Higher education has traditionally been both strong and popular across emerging Europe. In 2005, for example, there were 1.95 million students in Poland, around 500,000 more than in the United Kingdom at the time — a significant difference considering the UK’s overall population was 50 per cent larger than Poland’s.
Since then, the region’s population has decreased and with it the number of students. In Poland alone the number of students has fallen by over a third to 1.32 million.
This has posed a number of problems for higher education establishments, especially in the public sector, who have had to reconsider their value proposition and learn to compete in a market economy: both at home and abroad.
Banking on business
According to Błażej Podgórski, vice-dean of the College of Finance and Economics at the Warsaw-based Koźmiński University, business partners are one of the reasons why his school is one of those that has been able to buck the trend.

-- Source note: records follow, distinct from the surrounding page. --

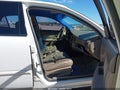 2003 Buick Century — photo 5 of 16 | VIN 2G4WS52J331242597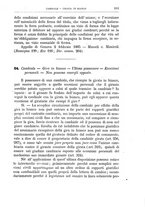 giornale/TO00175367/1885/unico/00000109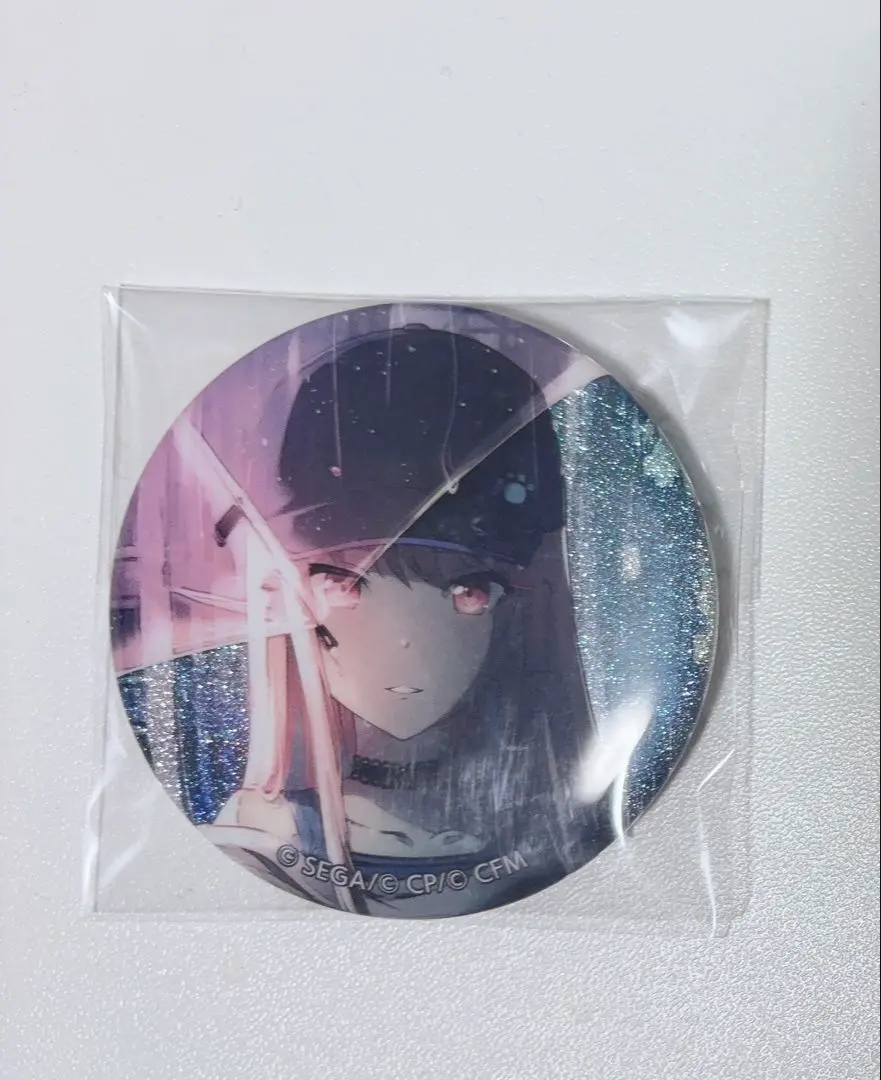 2026年最新】暁山瑞希 缶バッジ 30bの人気アイテム - メルカリ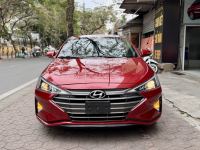 Bán xe Hyundai Elantra 2021 1.6 AT giá 505 Triệu - Hà Nội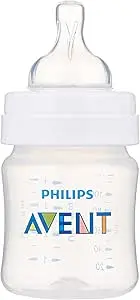 ببرونه 125 مل 801062 ANTi colic D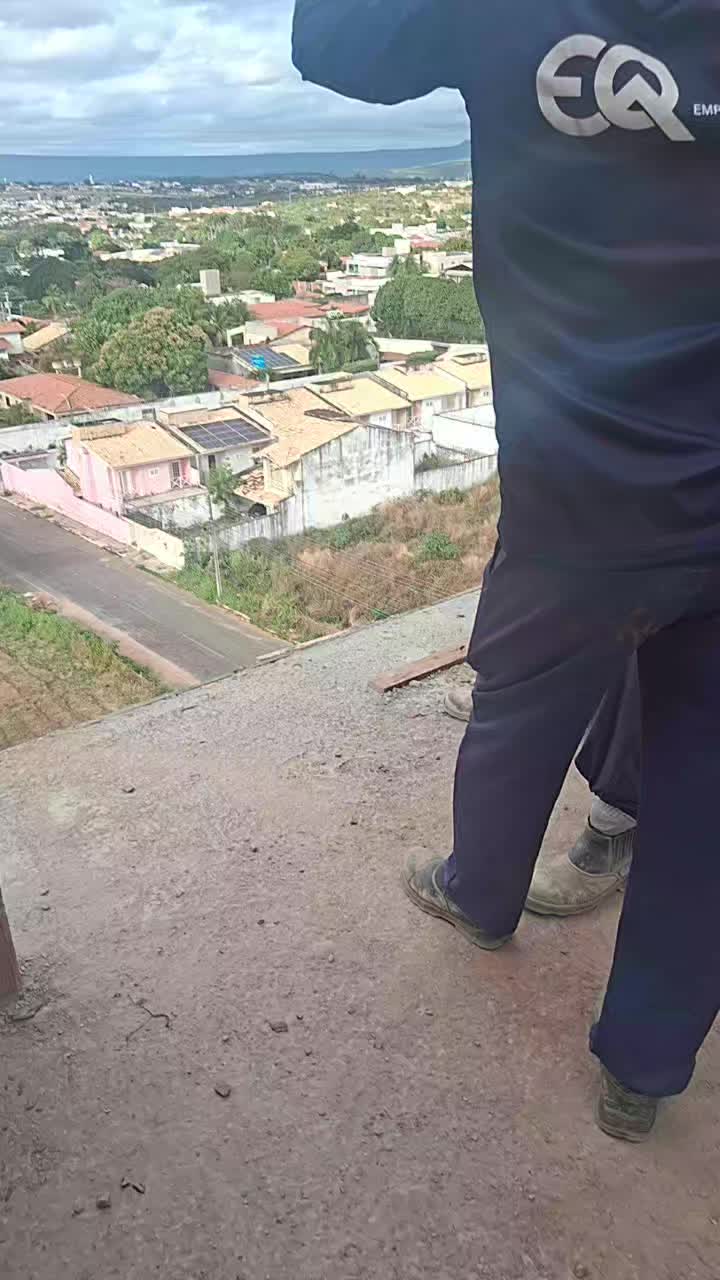 @JOAODOCARIRI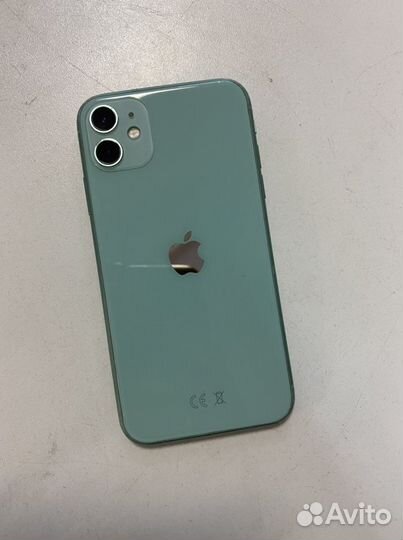 Ремонт-скупка телефонов Сергиев-Посад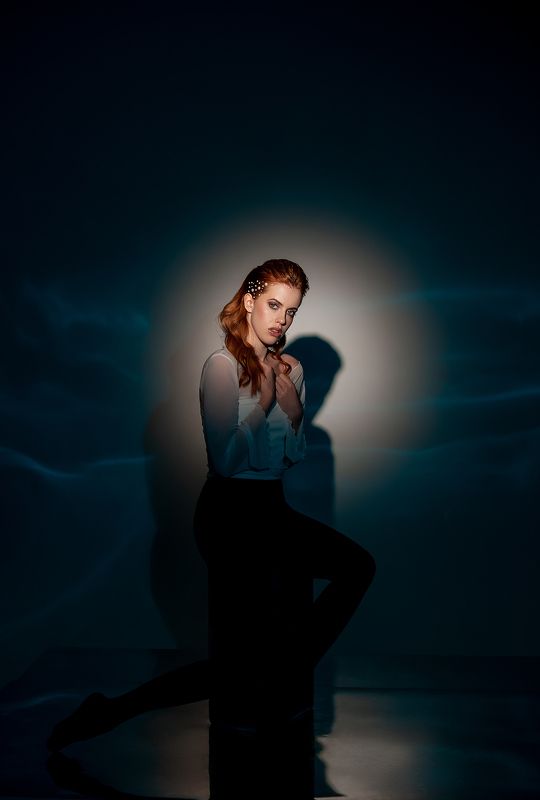 Русалочкаphoto preview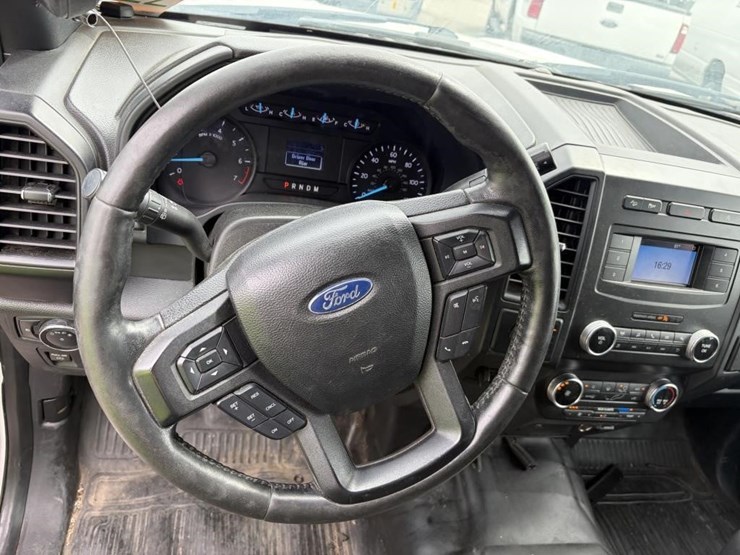 2019-ford-expedition-image-14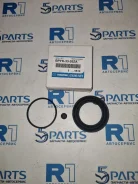 ����������� �������� ��������� ����� 3 (BK) 2003-2009 (BPYK3326ZA) ��045574 BPYK3326ZA ����
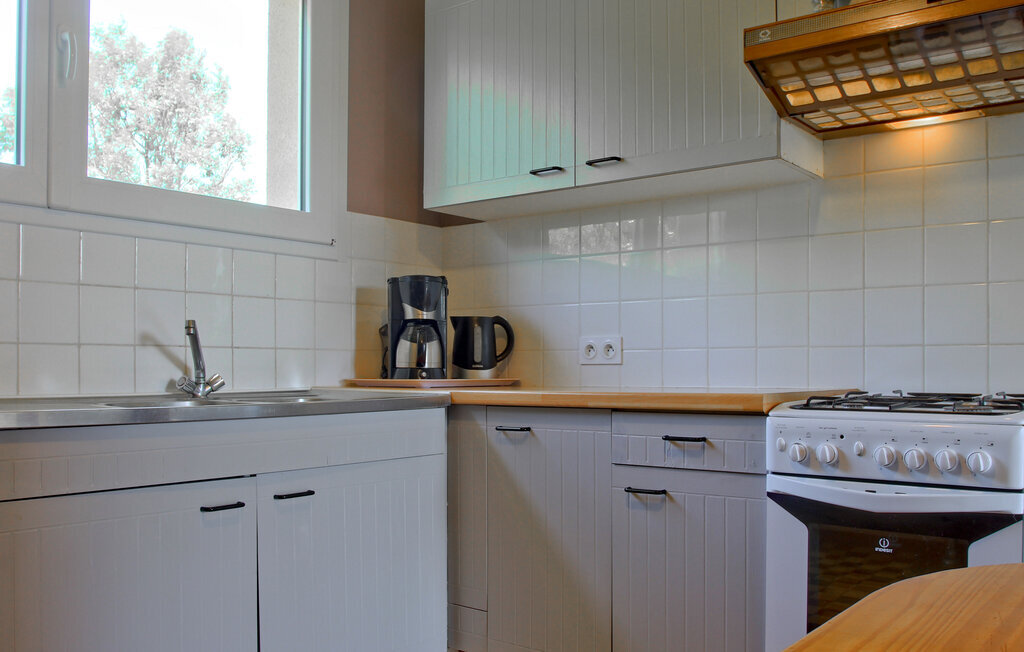 Maison 6 personnes à Montsenelle avec jardin et loisirs - Photo 12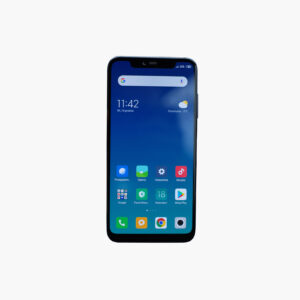Google Pixel 3 XL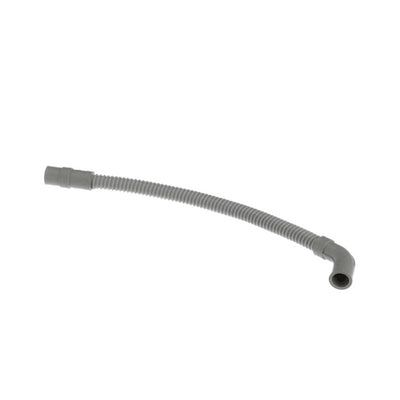 Samsung Drain Hose DD67-00058A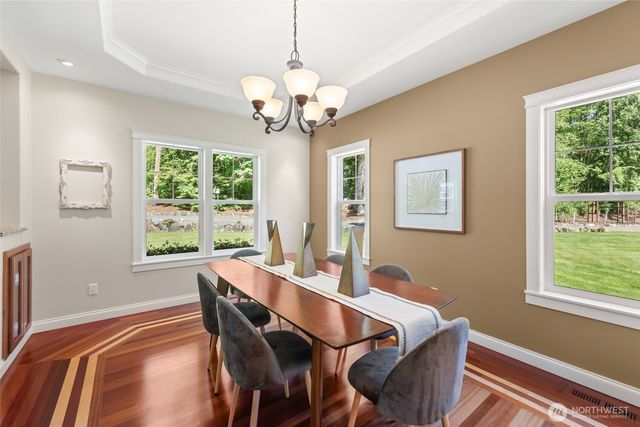 4021 142nd Avenue NE, Lake Stevens, WA 98258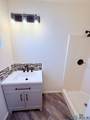 1018 Poplar Street - Photo 31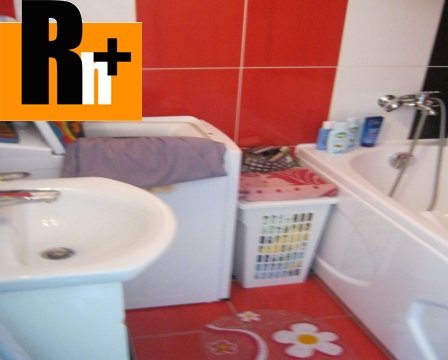 4. obrázok 2 izbový byt na predaj Tvrdošín - znížená cena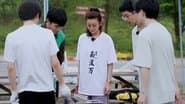 S4 Seniors, please have dinner! EP2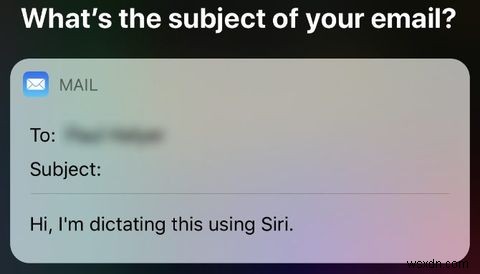 60+ of the Best Siri Commands to Use on Your iPhone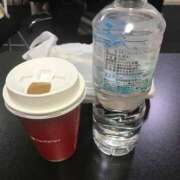 ヒメ日記 2025/10/29 11:17 投稿 あん 熟女デリヘル倶楽部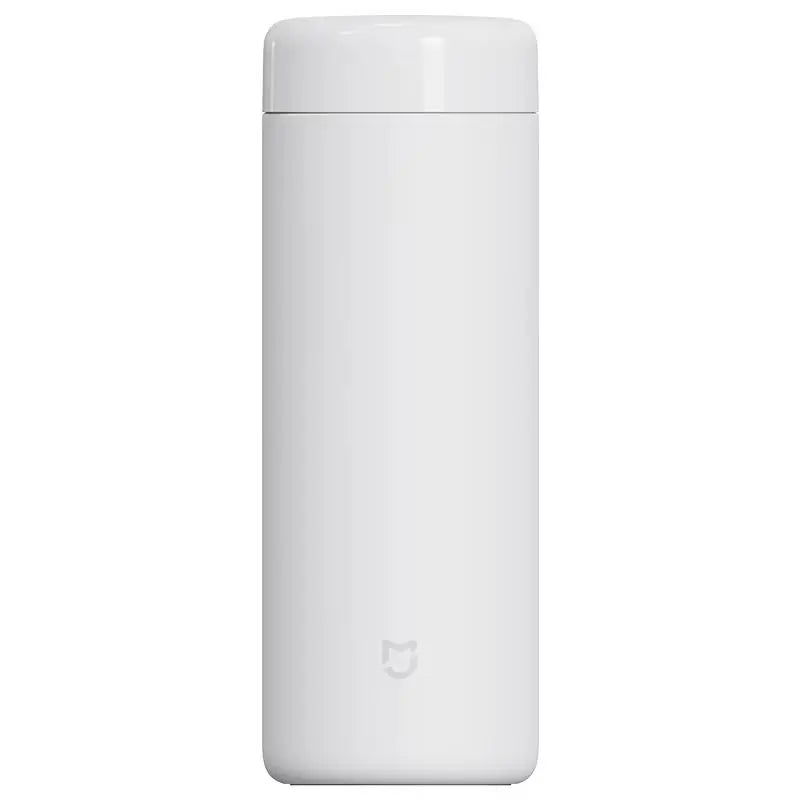Xiaomi Mijia Mini Isolierbecher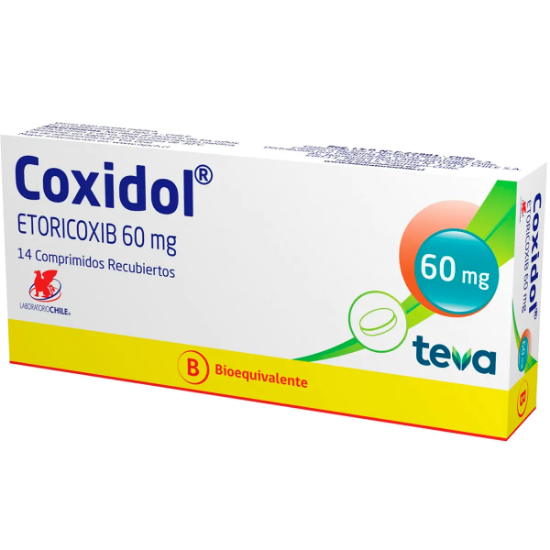 Coxidol-60-mg-x-14-comprimidos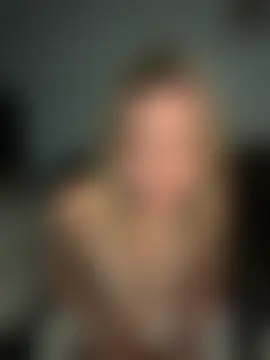 Lexi-Lux-X's Live Sex Cam Show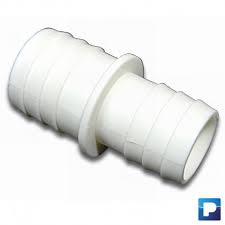 Raccord De Tuyau Reduit O38 A O32mm Pamatrex Sa Piscines Laghetto Suisse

“Accenture, Goldman Sachs, KPMG, BMP Paribas, S&P Ratings, and Microsoft are only a few examples of companies with whom we have created programmes,” he says. “They have helped us understand which skills will be needed in the market over the next five or 10 years. Over 70 per cent of our students now receive more job offers than they can take.”
For Jana Stehlíková, coordinator of foreign language programmes at the University of Economics in Prague, it’s a similar story.
“We have a network of over 50 business partners, for example: KPMG, Deloitte, EY, Accenture, ADP, Amazon, PWC, ČSOB, BDO, Plžensky Prazdroj, Škoda, Česká spořitelna, and once a year these partners come to our university and present their internships and offer part-time jobs,” she says. “Students just come to our school and a job is simply offered to them. At the same time our partners know that at our school they will find students with a good background.”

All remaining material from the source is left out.